Había huellas más grandes que las del cachorro en el suelo, y también eran lobunas. ¿Su madre o padre? ¿Qué había pasado ahí exactamente? Si los ektén eran como los lobos de Kum, no abandonarían a un miembro de su jauría, mucho menos al otro lado de la luz azul.

—Me quedaré aquí hasta que alguien venga a buscarte —dijo Urkin al lobezno—. Y si nadie viene... tendré que llevarte conmigo.
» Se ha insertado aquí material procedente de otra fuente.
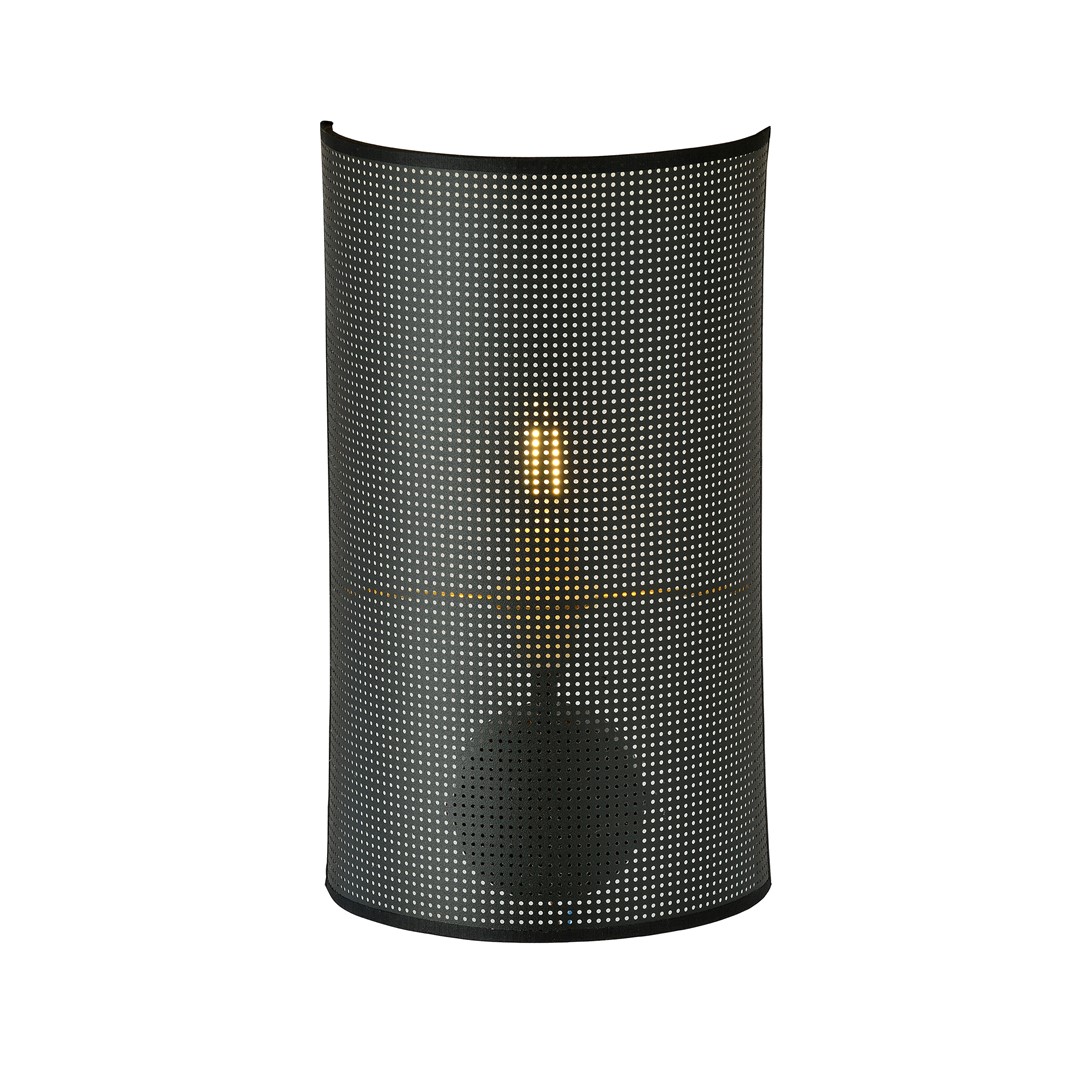 Wandlamp Naussy zwart Ø18 cm met geperforeerde kap en warme industriële uitstraling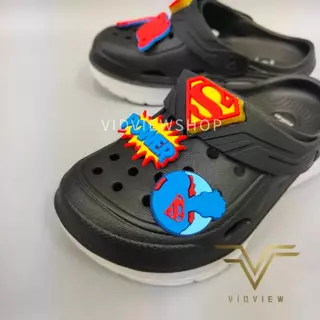 VIDVIEW มีส่งด่วน รองเท้าหัวโตเด็ก Adda 5TD88BB เบอร์ 28-35 แบบสวม พร้อมตัวติดรองเท้า ลาย Superman มีไฟ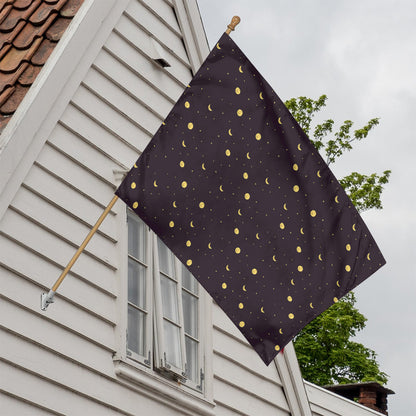 Moon Phase And Stars Pattern Print House Flag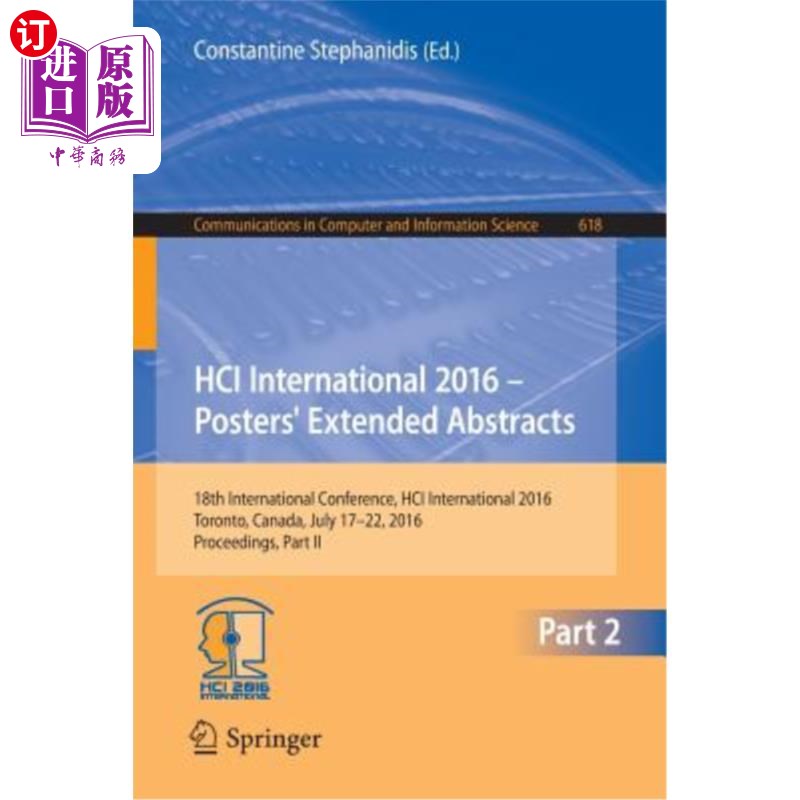 海外直订Hci International 2016 - Posters' Extended Abstracts: 18th International Confere 2016年Hci国际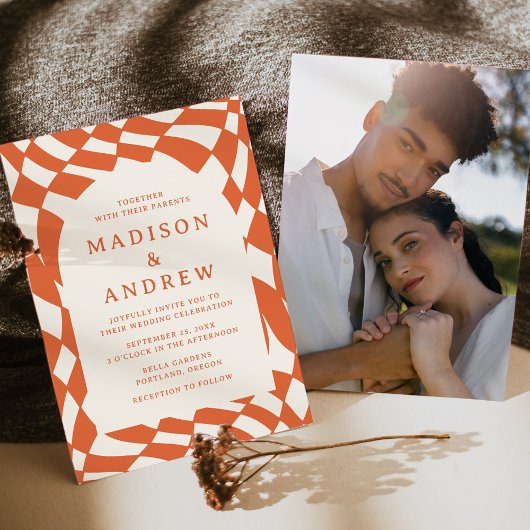 Invitation Mariage photo Retro Orange Checkerboard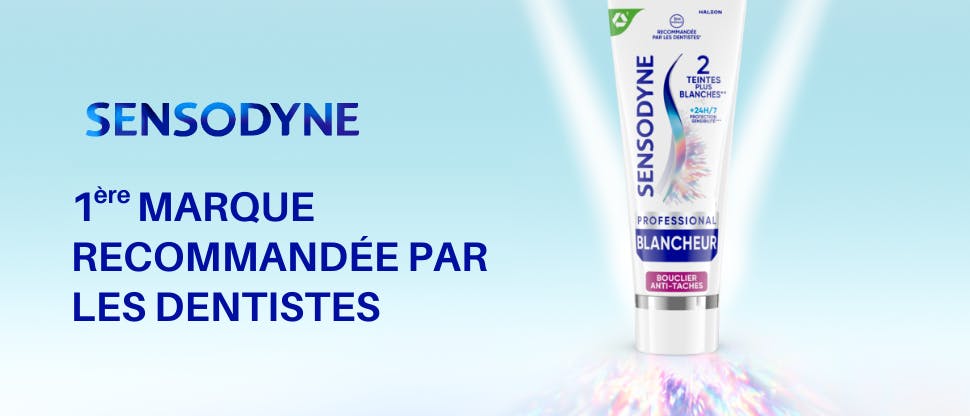 Bannière Sensodyne représentant l'emballage du dentifrice blanchissant avec le texte Blancheur cliniquement prouvée + protection contre la sensibilté 24H/7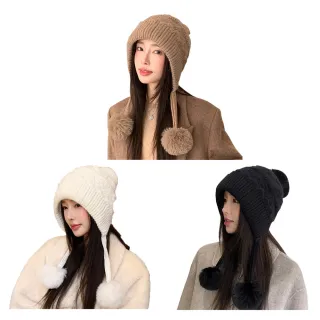 【MUAN】冬季加厚雙層護耳針織帽 兔毛防寒保暖帽 護耳帽 防風帽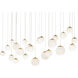 Pisces Linear Pendant Ceiling Light in Aged Brass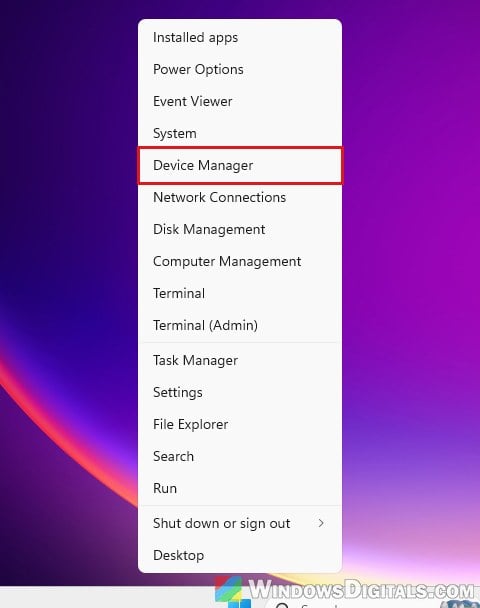 Open Device Manager via Win X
No puedo dejarte solo, morirías. ¿Entiendes algo de lo que estoy diciendo? Supongo que no. Espero que comprendas mi tono de voz, al menos.

El lobezno se limitó a mirarlo sin parpadear. Al cabo de un rato pareció estar un poco más calmado, y sus ojos se desviaron hacia el río. Urkin dedujo que debía de tener sed.

—Enseguida vuelvo.

El nanok fue hasta la orilla, arrancó una hoja grande y usó la misma como cuenco para recoger el agua. Urkin la olió primero, y sí, estaba buena. Regresó junto al árbol sosteniendo la hoja con ambas manos.

—Aquí tienes, lobo de luna —dijo el nanok, depositando la hoja frente al cachorro antes de volver a la roca.

El lobezno no bebió de inmediato, sino que palmo a palmo se deslizó hasta la hoja y una vez ahí tomó el agua con rápidos lengüetazos. Después retrocedió al hueco en el árbol.

—Puf. Ya veo que esto no será fácil. Pero créeme, no pienso hacerte daño.

Urkin empezó a cantar en voz baja, como hacía para sus primos a la hora de la siesta. El lobezno luchó por mantener los ojos abiertos, pero debía de estar cansado y se durmió al cabo de un rato. Urkin guardó silencio. Mientras esperaba le dio hambre, así que comió las bayas en su bolsita pensando que a la vuelta tendría que recoger más. Nadie apareció en todo ese lapso. Si el lobezno tenía familia, se hallaba fuera de su alcance.

El cachorro despertó hacia el atardecer. Quizás había pensado que su madre estaría ahí cuando abriera los ojos, porque miró en derredor y luego bajó la cabeza en un gesto de desilusión. Urkin sintió pena por él.

—Escucha, ya debo irme. ¿Quieres venir conmigo? Vamos, sígueme. —El cachorro no se movió—. Está bien, no me sigas. Pero yo volveré mañana, y si aún estás aquí, te traeré algo de comer. Adiós.

Al tiempo que decía todo esto, Urkin bajó de la roca y se alejó muy despacio del árbol. No quería dejar ahí al cachorro, pero el animalito tenía que decidir por sí mismo si aceptaba o no la invitación.

Urkin siguió caminando, le dio la espalda al árbol... y entonces escuchó pasos detrás de él. El nanok sonrió de alivio. Allí estaba el lobezno, con la cola entre sus patitas pero siguiéndolo por su propia voluntad.

—Bien hecho. Yo me encargaré de ti, pequeño.